Data supplied Start Marker
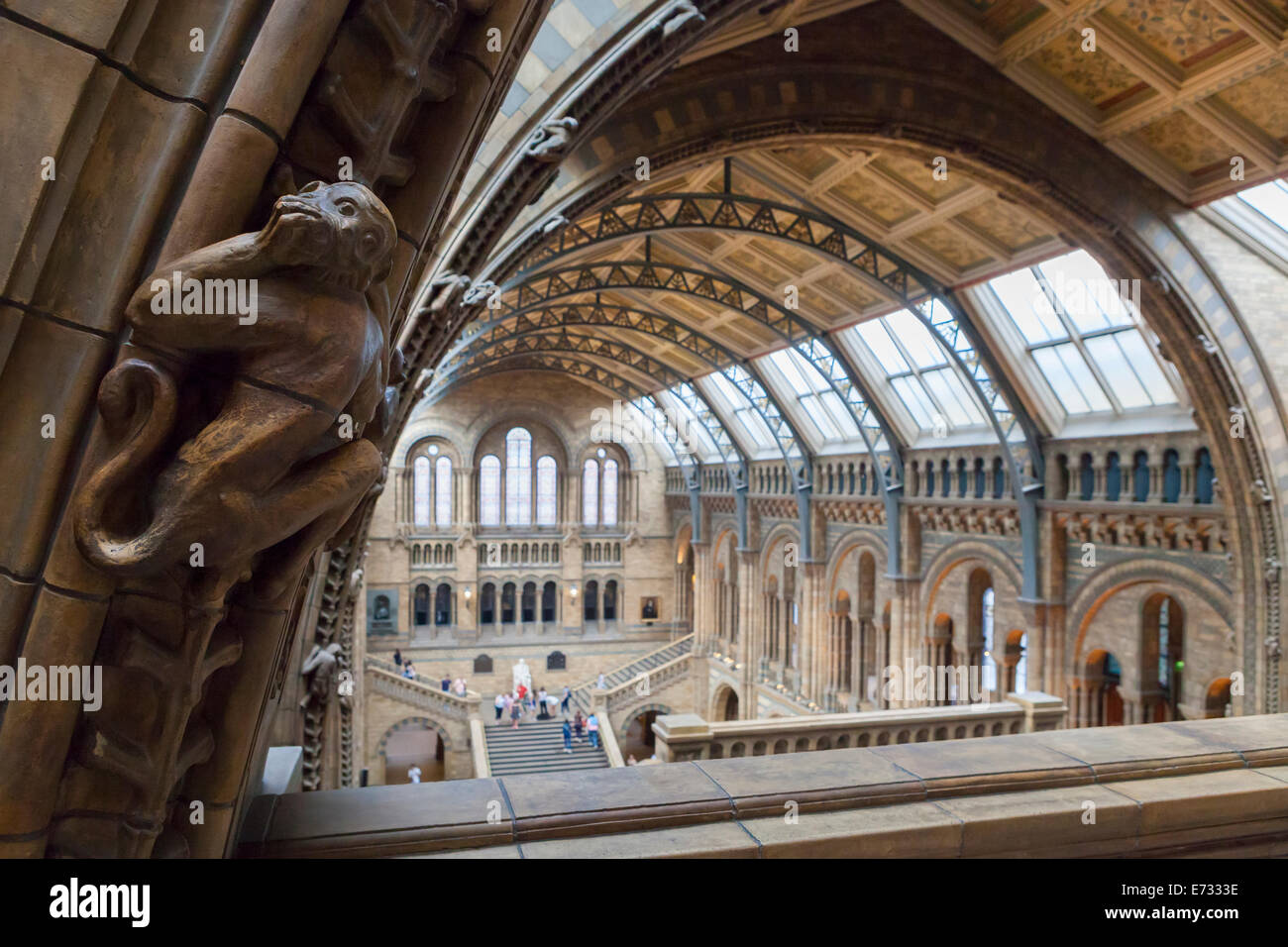 Great entrance hall of the natural history museum in London, England ...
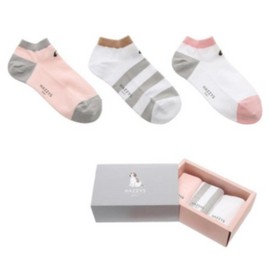 Hazzys (대구신세계)HAZZYS DAILY 퍼피 면혼방 발목양말 3족 세트 HISS5F004WT (Daegu Shinsegae) HAZZYS DAILY Puppy Cotton Blend Ankle Socks 3-Pair Set HISS5F004WT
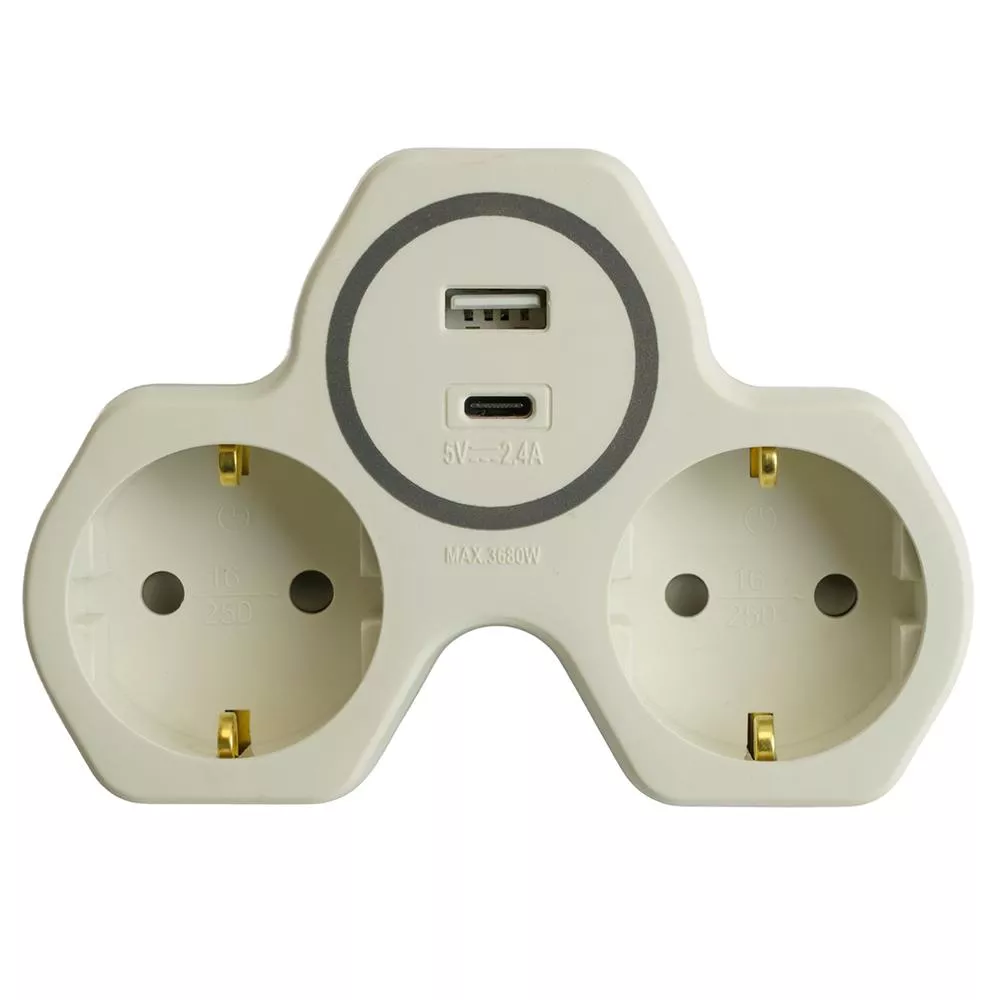 Разветвитель сетевой 2-местный с/з STEKKER ADP16-15-20, 250V, 16A и USB+Type C на 2.4А, белый/серый
Разветвитель сетевой 2-местный с/з STEKKER ADP16-15-20, 250V, 16A и USB+Type C на 2.4А, белый/серый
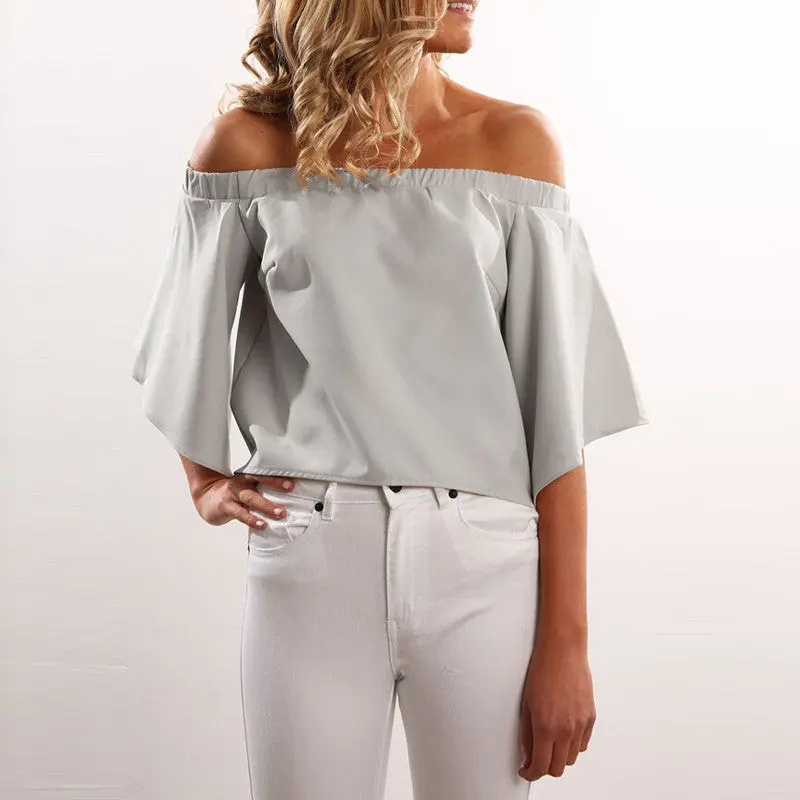 Slash Shoulder Irregular Top Women Chiffon Blouses Candy Color Plus Size Sexy Casual Flare Sleeve Woman Shirt Gv238 9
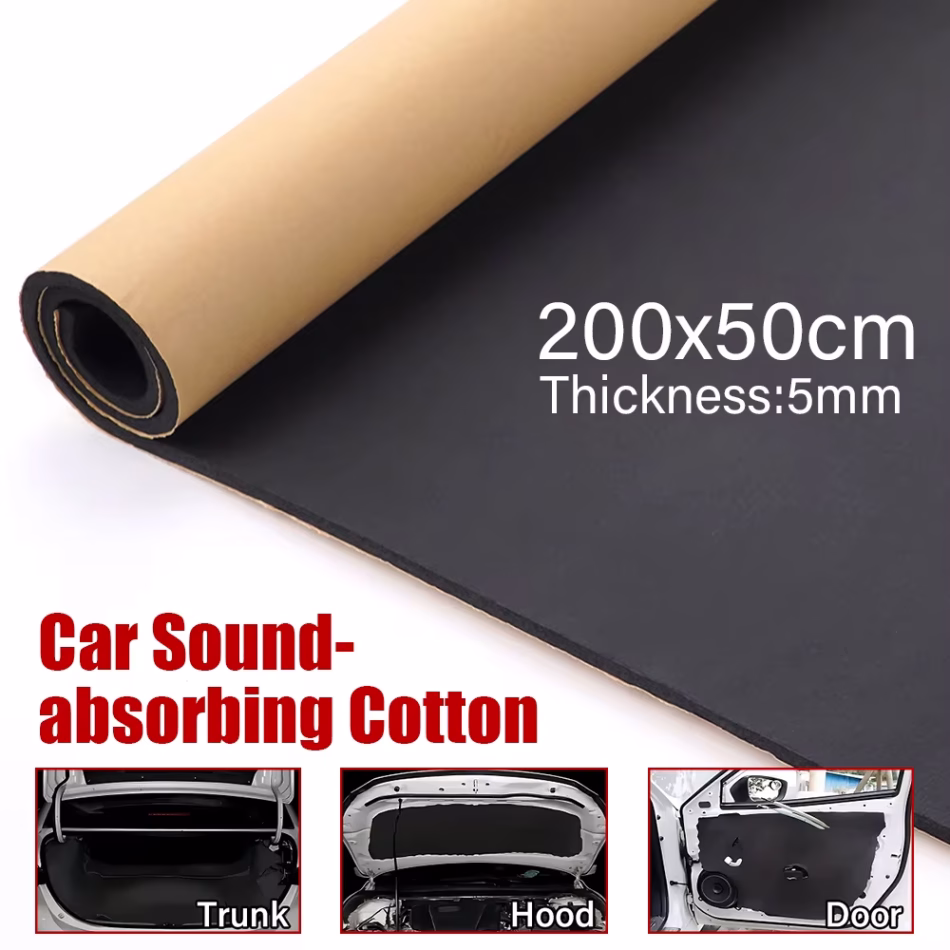200X50cm 5mm Car Acoustic Foam Floor Tailgate Sound Insulation Deadener Mat Noise Reduction Pad Black Car Accessories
Data supplied End Marker
> [Work required] Give back the listing exactly, with the pictures removed.

> [Completed task]
 Great entrance hall of the natural history museum in London, England ...
 Hazzys (대구신세계)HAZZYS DAILY 퍼피 면혼방 발목양말 3족 세트 HISS5F004WT (Daegu Shinsegae) HAZZYS DAILY Puppy Cotton Blend Ankle Socks 3-Pair Set HISS5F004WT
 Разветвитель сетевой 2-местный с/з STEKKER ADP16-15-20, 250V, 16A и USB+Type C на 2.4А, белый/серый
Разветвитель сетевой 2-местный с/з STEKKER ADP16-15-20, 250V, 16A и USB+Type C на 2.4А, белый/серый
 Slash Shoulder Irregular Top Women Chiffon Blouses Candy Color Plus Size Sexy Casual Flare Sleeve Woman Shirt Gv238 9
200X50cm 5mm Car Acoustic Foam Floor Tailgate Sound Insulation Deadener Mat Noise Reduction Pad Black Car Accessories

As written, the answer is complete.